→ Crawled caption data:
========
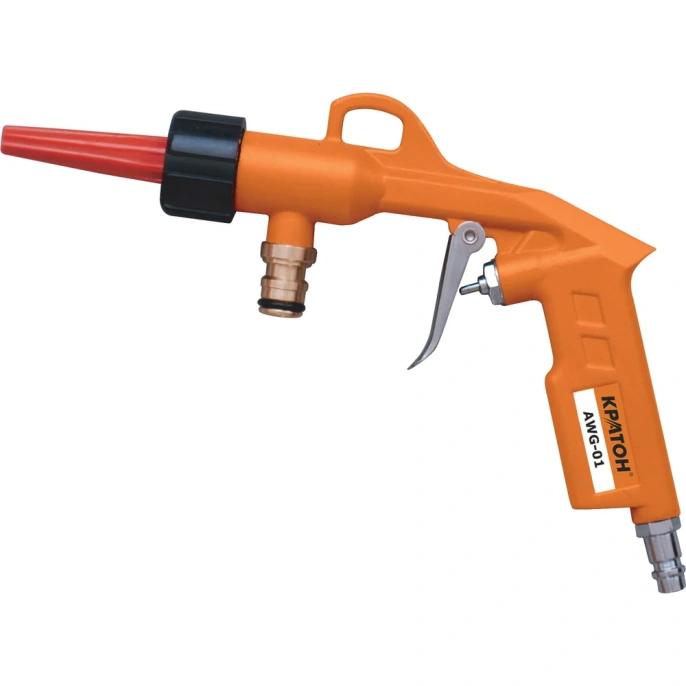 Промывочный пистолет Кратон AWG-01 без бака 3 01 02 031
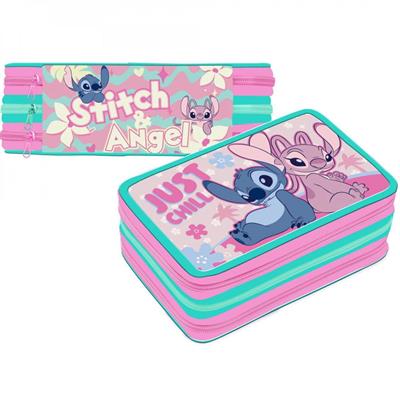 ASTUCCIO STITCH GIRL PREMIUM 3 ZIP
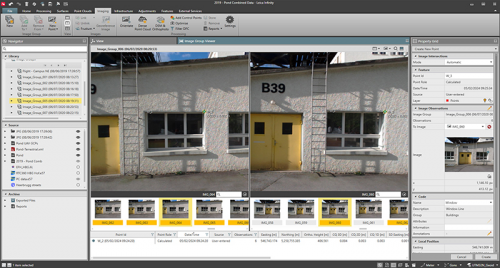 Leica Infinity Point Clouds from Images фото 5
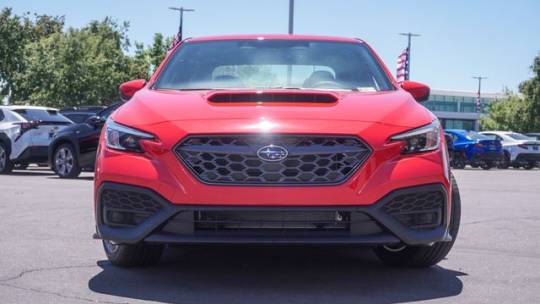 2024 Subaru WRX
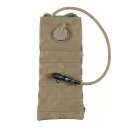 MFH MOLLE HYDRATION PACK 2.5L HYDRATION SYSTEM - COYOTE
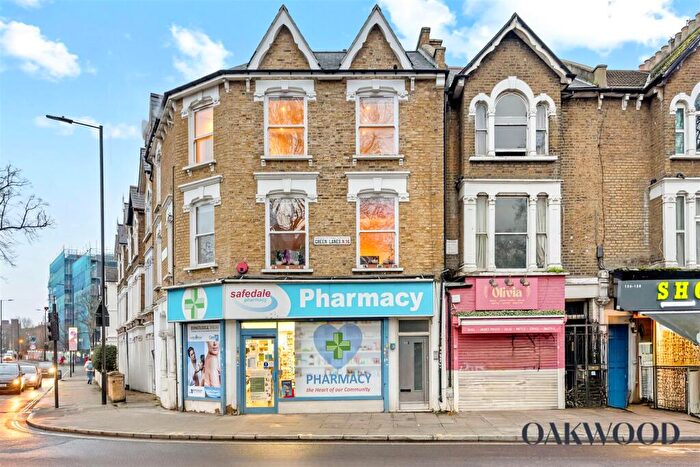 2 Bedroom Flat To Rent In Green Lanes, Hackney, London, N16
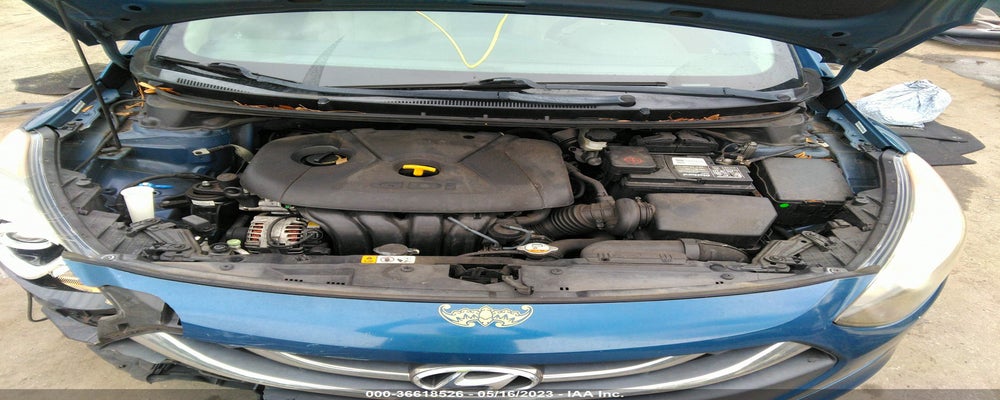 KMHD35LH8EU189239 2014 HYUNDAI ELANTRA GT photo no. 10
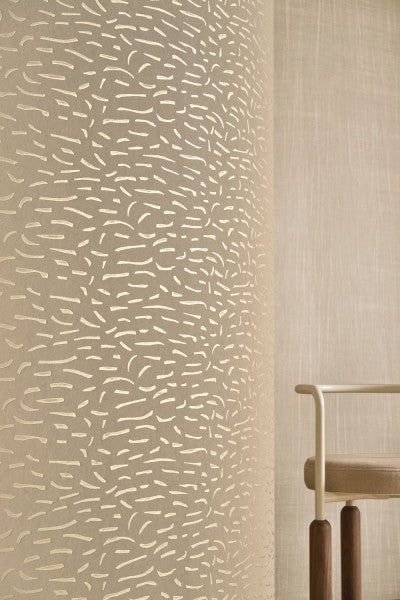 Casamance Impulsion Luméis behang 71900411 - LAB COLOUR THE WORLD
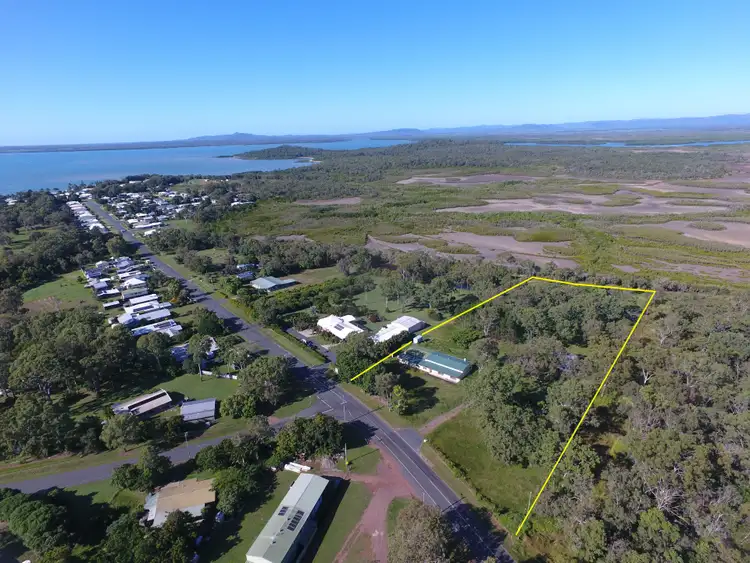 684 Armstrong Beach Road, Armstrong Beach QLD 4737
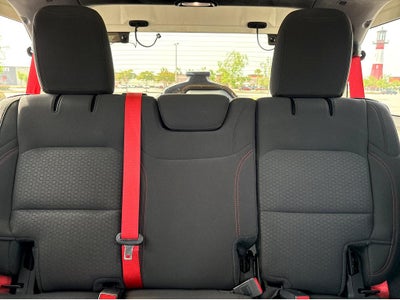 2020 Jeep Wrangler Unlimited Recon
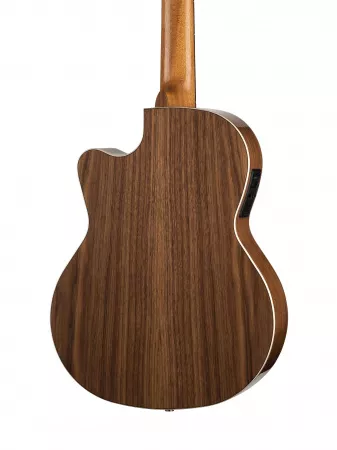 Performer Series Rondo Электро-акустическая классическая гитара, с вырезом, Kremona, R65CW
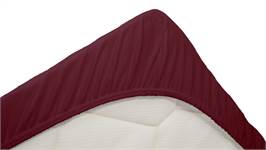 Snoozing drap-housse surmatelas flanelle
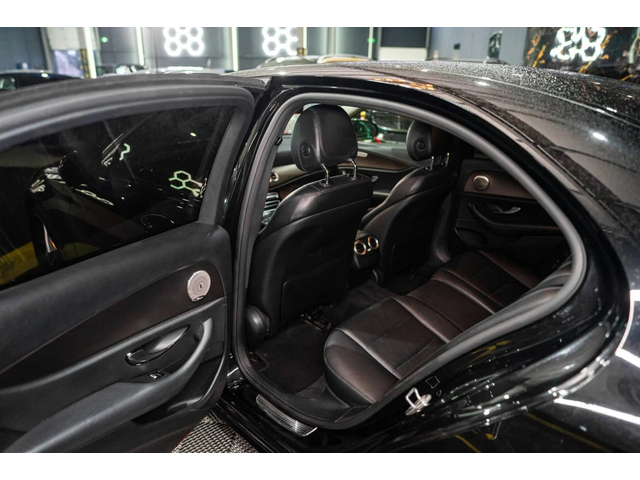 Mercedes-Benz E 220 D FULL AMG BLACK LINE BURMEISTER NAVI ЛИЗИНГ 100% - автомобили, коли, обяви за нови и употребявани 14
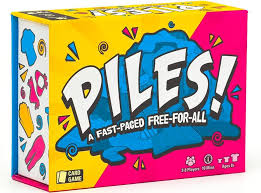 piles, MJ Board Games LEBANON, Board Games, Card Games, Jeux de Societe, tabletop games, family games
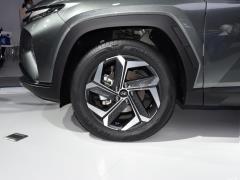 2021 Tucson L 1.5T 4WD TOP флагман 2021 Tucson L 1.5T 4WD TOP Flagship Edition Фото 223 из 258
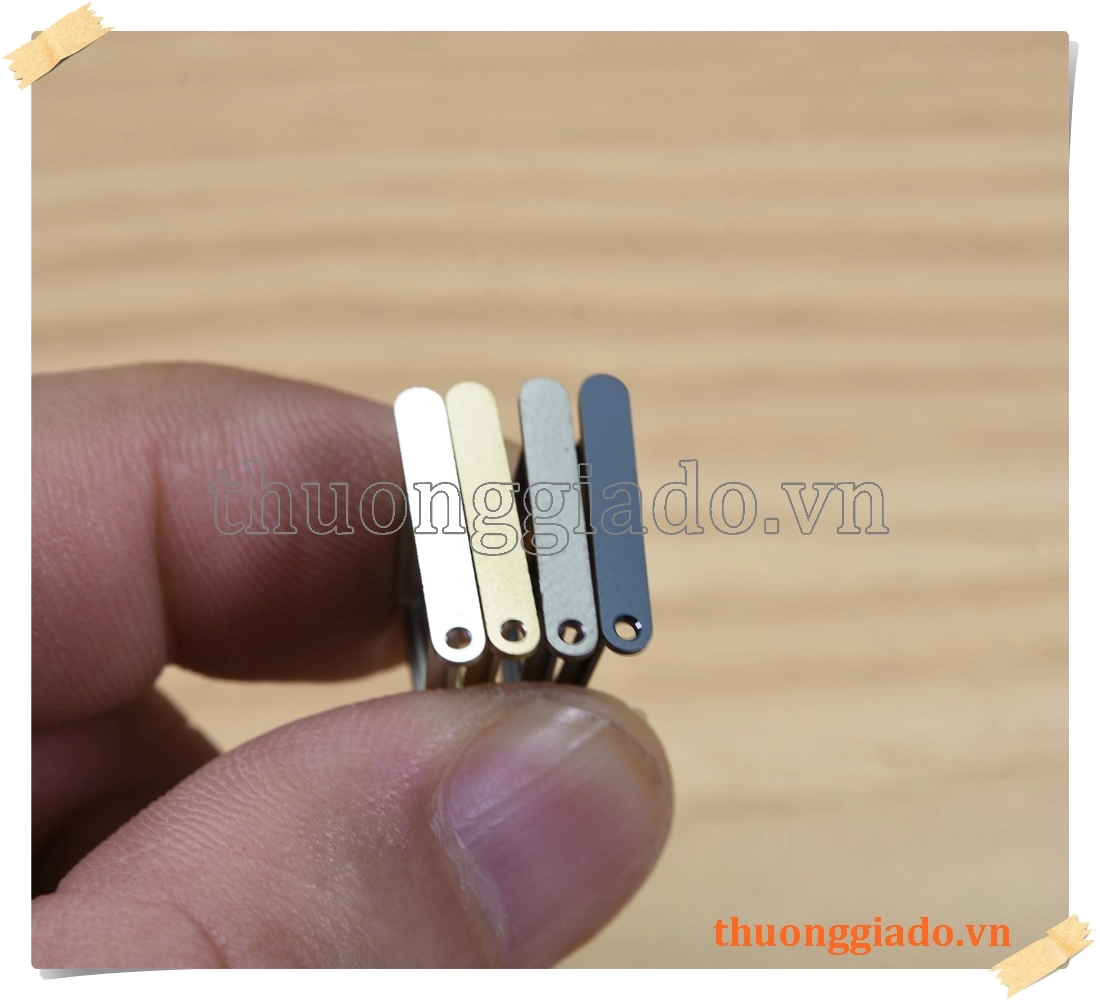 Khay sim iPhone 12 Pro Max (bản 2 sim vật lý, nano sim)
========
→ WORK ITEM: Print the records again exactly, without the pictures.

→ ANSWER BELOW:
 Промывочный пистолет Кратон AWG-01 без бака 3 01 02 031
 ASTUCCIO STITCH GIRL PREMIUM 3 ZIP
 Leica Infinity Point Clouds from Images фото 5
 2024 Subaru WRX
 MFH MOLLE HYDRATION PACK 2.5L HYDRATION SYSTEM - COYOTE
 2 Bedroom Flat To Rent In Green Lanes, Hackney, London, N16
 KMHD35LH8EU189239 2014 HYUNDAI ELANTRA GT photo no. 10
 Casamance Impulsion Luméis behang 71900411 - LAB COLOUR THE WORLD
 684 Armstrong Beach Road, Armstrong Beach QLD 4737
 2020 Jeep Wrangler Unlimited Recon
 Performer Series Rondo Электро-акустическая классическая гитара, с вырезом, Kremona, R65CW
 Snoozing drap-housse surmatelas flanelle
 Mercedes-Benz E 220 D FULL AMG BLACK LINE BURMEISTER NAVI ЛИЗИНГ 100% - автомобили, коли, обяви за нови и употребявани 14
 piles, MJ Board Games LEBANON, Board Games, Card Games, Jeux de Societe, tabletop games, family games
 2021 Tucson L 1.5T 4WD TOP флагман 2021 Tucson L 1.5T 4WD TOP Flagship Edition Фото 223 из 258
 Khay sim iPhone 12 Pro Max (bản 2 sim vật lý, nano sim)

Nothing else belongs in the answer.